USB 3.2 announced, to support up to 20 Gbps transfer speed
The technical specifications of the new standard are currently being drafted in detail
The USB Promoters Group, a kind of body that oversees the development of USB announced an upgrade to the USB 3.1 standard. Dubbed USB 3.2, the standard will make use of USB Type-C cables and will support multi-lane transfers allowing for theoretical maximum transfer speeds of up to 20 Gbps.
The official press release notes that while the USB standard was initially designed for single-lane serial transfers (hence the name), it has been upgraded to support dual-channel data movement. The USB Type-C upgrade was introduced to that regard and the new standard will work only on Type-C cables since the existing Type-A and Type-B cables are too narrow to accommodate multiple wires. Up to two lanes can be added in a USB cable, each capable of 5 Gbps or 10 Gbps data transfer speeds. The release notes that data exchange should be possible at an upper limit of 2 GB per sec.
For now, the detailed specification documents of the standard are being drafted and the group is expecting things to be ready for the upcoming USB Developer Days event to be held between Sep 26-27 in Canada. This is also where the USB Implementers Forum plans to showcase, market and train attendees in the nitty-gritties of USB 3.2 following which it can then be added to upcoming devices.

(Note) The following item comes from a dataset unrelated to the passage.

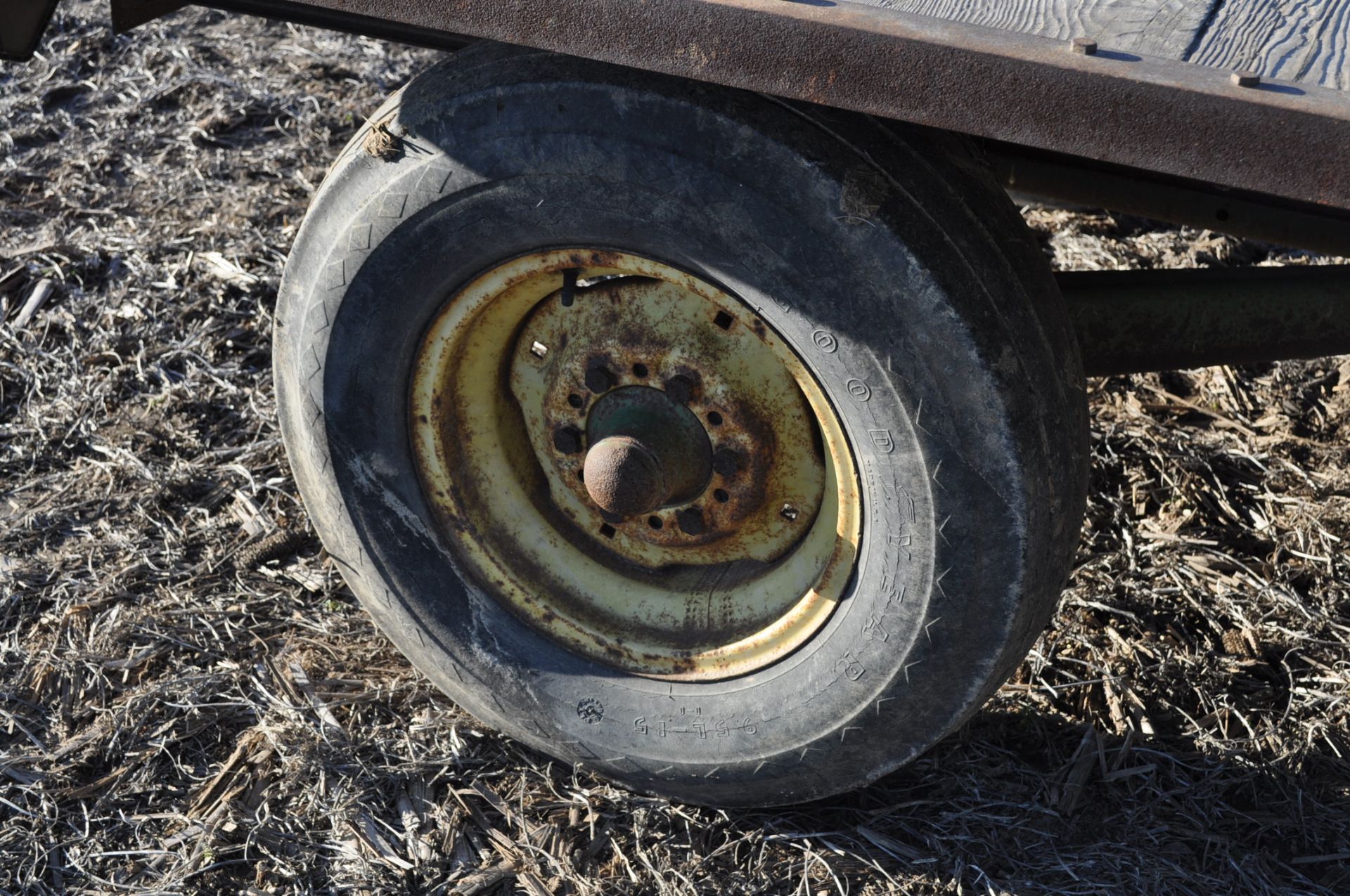 16' flat rack wagon with John Deere gear - Image 6 of 9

Partners are looking forward to working on USB 3.2. Said Roanne Sones, General Manager of Strategy and Ecosystem for Windows Devices. “With increased performance and seamless compatibility, the new USB 3.2 specification brings even more speed and bandwidth benefits to new USB 3.2 devices, while remaining
compatible with USB 3.0 and earlier devices. We’re excited to work with our partners in the USB 3.0 Promoter Group to help showcase these benefits to users around the world.”
Of course, to achieve that levels of data transfer speeds is going to require ports on both sides to be USB 3.2 along with a Type-C cable, failing which the standard will fall back to lower speeds of the backwards compatible standards. With such transfer speeds, expect SSDs to become increasingly common in use in the near future.